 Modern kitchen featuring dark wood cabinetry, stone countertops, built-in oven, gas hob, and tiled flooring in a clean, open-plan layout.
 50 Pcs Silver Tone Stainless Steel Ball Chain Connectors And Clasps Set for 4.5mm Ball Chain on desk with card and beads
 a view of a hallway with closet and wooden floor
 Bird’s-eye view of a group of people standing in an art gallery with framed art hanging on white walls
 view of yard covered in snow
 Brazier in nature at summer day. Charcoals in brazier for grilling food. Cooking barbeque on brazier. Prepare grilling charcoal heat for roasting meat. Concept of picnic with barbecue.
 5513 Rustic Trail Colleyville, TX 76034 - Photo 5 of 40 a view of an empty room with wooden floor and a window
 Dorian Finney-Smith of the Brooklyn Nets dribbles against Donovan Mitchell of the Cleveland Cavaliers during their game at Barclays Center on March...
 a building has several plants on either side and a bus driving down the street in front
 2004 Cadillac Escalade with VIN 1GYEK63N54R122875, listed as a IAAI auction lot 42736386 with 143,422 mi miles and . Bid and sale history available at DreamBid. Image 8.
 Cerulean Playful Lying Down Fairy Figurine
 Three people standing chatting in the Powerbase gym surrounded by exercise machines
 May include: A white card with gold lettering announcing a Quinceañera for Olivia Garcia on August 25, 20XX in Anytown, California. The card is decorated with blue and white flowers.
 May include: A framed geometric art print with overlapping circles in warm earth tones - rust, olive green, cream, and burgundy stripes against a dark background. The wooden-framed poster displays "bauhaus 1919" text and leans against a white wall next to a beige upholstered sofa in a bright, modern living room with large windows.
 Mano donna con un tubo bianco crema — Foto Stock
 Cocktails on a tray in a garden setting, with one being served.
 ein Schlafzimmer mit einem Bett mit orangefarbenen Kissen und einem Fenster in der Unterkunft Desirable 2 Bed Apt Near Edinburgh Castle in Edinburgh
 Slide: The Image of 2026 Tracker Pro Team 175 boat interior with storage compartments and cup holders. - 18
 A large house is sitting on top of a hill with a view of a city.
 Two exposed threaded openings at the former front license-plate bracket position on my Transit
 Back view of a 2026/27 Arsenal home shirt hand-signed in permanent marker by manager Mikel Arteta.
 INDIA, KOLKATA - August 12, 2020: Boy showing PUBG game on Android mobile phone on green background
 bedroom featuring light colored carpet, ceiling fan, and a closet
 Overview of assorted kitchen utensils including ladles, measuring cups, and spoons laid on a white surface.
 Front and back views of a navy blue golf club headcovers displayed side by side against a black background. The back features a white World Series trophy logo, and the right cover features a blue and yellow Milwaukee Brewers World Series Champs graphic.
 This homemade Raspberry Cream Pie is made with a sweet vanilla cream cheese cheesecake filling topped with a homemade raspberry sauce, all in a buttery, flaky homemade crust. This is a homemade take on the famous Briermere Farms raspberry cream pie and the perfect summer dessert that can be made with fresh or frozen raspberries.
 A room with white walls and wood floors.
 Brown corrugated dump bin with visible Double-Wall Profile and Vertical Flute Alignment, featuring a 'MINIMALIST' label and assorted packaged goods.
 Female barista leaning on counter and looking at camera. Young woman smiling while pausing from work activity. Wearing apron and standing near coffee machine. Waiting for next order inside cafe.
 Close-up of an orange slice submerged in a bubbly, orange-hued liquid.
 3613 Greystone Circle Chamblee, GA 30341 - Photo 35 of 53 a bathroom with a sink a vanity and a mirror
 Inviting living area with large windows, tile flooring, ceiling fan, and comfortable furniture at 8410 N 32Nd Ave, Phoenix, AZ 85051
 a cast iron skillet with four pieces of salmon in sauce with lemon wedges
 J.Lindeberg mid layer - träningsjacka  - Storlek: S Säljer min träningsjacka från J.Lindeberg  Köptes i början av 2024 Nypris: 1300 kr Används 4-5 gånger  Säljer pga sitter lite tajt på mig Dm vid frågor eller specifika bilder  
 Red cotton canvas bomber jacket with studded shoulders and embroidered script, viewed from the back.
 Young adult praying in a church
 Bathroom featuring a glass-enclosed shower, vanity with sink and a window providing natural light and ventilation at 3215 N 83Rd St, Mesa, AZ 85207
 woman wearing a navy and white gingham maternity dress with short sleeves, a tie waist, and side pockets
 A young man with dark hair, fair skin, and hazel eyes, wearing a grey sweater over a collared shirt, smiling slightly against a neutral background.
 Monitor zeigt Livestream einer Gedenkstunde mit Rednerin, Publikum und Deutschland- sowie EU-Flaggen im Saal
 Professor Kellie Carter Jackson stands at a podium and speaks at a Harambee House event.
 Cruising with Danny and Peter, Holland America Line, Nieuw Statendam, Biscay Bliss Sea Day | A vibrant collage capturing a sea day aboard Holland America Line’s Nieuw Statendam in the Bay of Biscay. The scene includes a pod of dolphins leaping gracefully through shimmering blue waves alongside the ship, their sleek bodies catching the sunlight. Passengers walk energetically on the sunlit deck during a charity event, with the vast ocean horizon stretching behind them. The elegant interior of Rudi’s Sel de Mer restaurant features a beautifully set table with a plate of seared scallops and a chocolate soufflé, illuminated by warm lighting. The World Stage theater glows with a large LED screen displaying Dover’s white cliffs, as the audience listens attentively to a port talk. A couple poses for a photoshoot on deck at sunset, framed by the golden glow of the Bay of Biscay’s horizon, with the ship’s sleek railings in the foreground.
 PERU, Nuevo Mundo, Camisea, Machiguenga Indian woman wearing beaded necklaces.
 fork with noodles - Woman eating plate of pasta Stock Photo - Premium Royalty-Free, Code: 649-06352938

------------------------------------------------

▶ [ACTION ITEM] Set down, word for word, each line from the top of the records above through the line with "Dorian Finney-Smith of".

▶ [YOUR SOLUTION]
 Modern kitchen featuring dark wood cabinetry, stone countertops, built-in oven, gas hob, and tiled flooring in a clean, open-plan layout.
 50 Pcs Silver Tone Stainless Steel Ball Chain Connectors And Clasps Set for 4.5mm Ball Chain on desk with card and beads
 a view of a hallway with closet and wooden floor
 Bird’s-eye view of a group of people standing in an art gallery with framed art hanging on white walls
 view of yard covered in snow
 Brazier in nature at summer day. Charcoals in brazier for grilling food. Cooking barbeque on brazier. Prepare grilling charcoal heat for roasting meat. Concept of picnic with barbecue.
 5513 Rustic Trail Colleyville, TX 76034 - Photo 5 of 40 a view of an empty room with wooden floor and a window
 Dorian Finney-Smith of the Brooklyn Nets dribbles against Donovan Mitchell of the Cleveland Cavaliers during their game at Barclays Center on March...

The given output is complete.